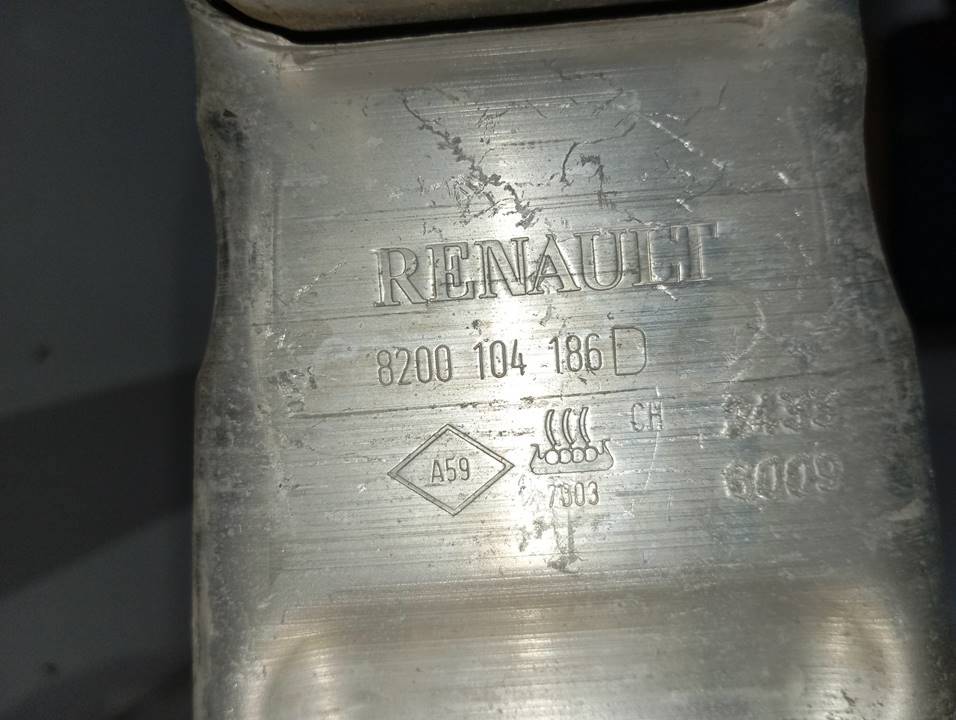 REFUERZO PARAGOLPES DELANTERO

...

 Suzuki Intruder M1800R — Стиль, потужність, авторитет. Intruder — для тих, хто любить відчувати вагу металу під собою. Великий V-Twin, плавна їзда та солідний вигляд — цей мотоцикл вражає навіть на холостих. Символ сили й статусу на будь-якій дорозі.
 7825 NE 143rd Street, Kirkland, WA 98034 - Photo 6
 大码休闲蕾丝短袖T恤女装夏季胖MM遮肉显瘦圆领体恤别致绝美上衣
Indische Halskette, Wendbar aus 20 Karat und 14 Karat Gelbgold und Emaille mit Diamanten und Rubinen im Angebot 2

--

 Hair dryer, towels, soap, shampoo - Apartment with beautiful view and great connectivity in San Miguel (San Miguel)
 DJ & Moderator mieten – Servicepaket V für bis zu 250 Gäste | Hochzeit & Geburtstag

**Exercise**
In the listing above, find the line with "Hair dryer, towels, soap, shampoo" and the line with "DJ & Moderator"; output exactly those lines and all lines between them.

**Solution to the problem**
 Hair dryer, towels, soap, shampoo - Apartment with beautiful view and great connectivity in San Miguel (San Miguel)
 DJ & Moderator mieten – Servicepaket V für bis zu 250 Gäste | Hochzeit & Geburtstag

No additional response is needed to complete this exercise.